The above equality holds $\begin{aligned}
&\sum_{g \in G} \beta(g)*[p][i] L[p][q] \alpha(g)[q][j] = 0[i][j] \\
&\sum_{g \in G} \beta(g)*[p][i] \delta[p][r] \delta[q][c] \alpha(g)[q][j] = 0[i][j] \\
&\sum_{g \in G} \beta(g)*[r][i] \alpha(g)[s][j] = 0[i][j] = 0\\
\end{aligned}$

This tells that we can choose any index $[r, i]$ and index $[i, j]$ and these will be orthogonal,
when viewed as vectors "along" the set of matrices.
If the representation is a one-dimensional representation/character, then we have no freedom
in indexing, and the above becomes:
$\begin{aligned}
&\sum_{g \in G} \beta(g)* \alpha(g) = 0[i][j] = 0
\end{aligned}$

Thus, different characters are all orthogonal.
- The matrix for the identity element is the identity matrix, and the size of the matrix is the size of the vector space, which is $|G|$ since there's a basis vector for each element of $G$. Thus, $r_G(1) = |G|$.
- For any other element $g \in G$, the regular representation will be a permutation matrix with no fixed points.

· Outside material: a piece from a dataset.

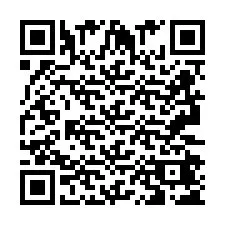 QR-code voor telefoonnummer +2693245219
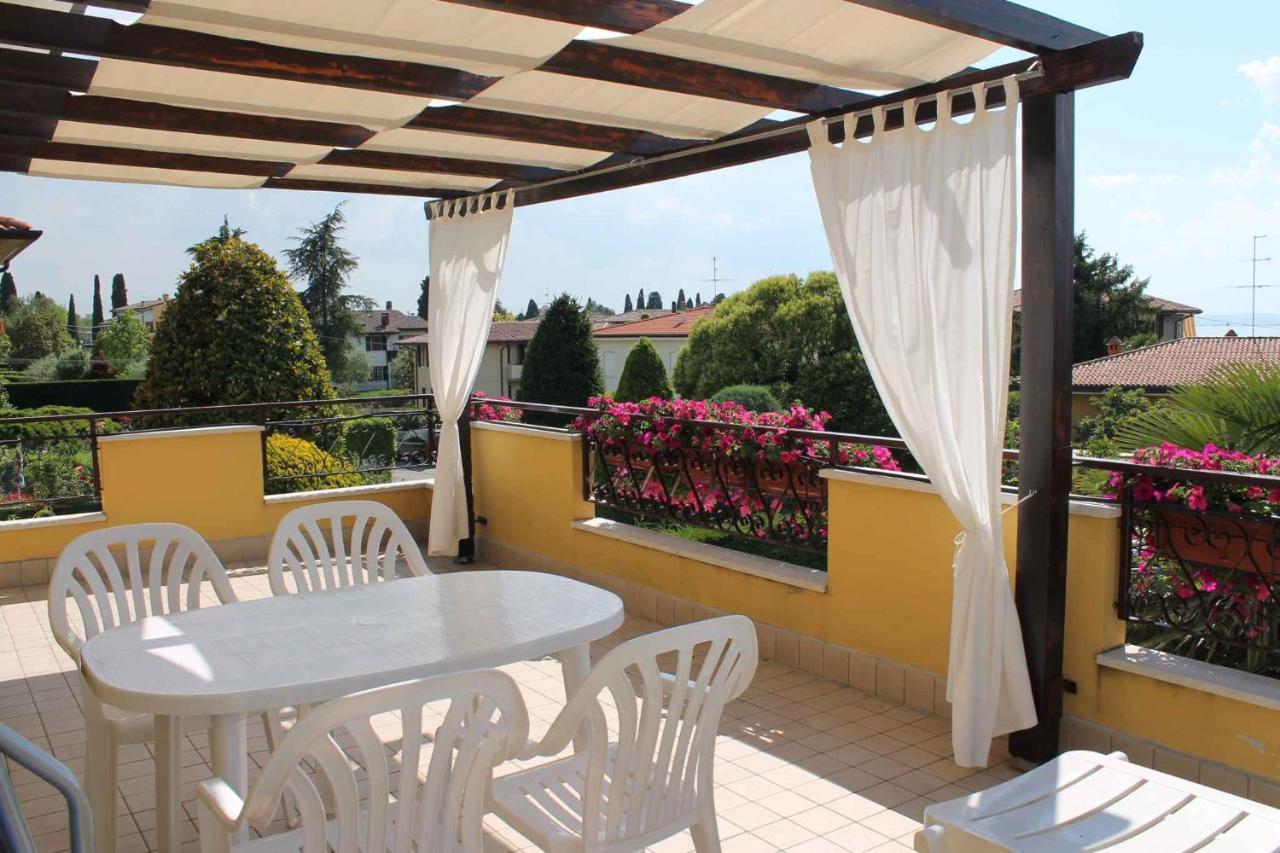 Apartments In Lazise/Gardasee 21945 Exteriör bild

Thus, the diagonal of the matrix is all zeros, and hence $r_G(g) = 0$.

$\begin{aligned}
& \langle r_G | \chi_\alpha \rangle = 1/|G| \sum_{g \in G} r_G(g)* \chi_\alpha(g) \\
&= 1/|G| (r_G(1) \cdot \chi_\alpha(1)) \\
&= 1/|G| (|G| \cdot 1) \\
&= 1
\end{aligned}$

Thus, the regular rep contains the other irreps, since the character of the regular rep has non-zero
inner product with irrep, and irrep characters are all orthogonal.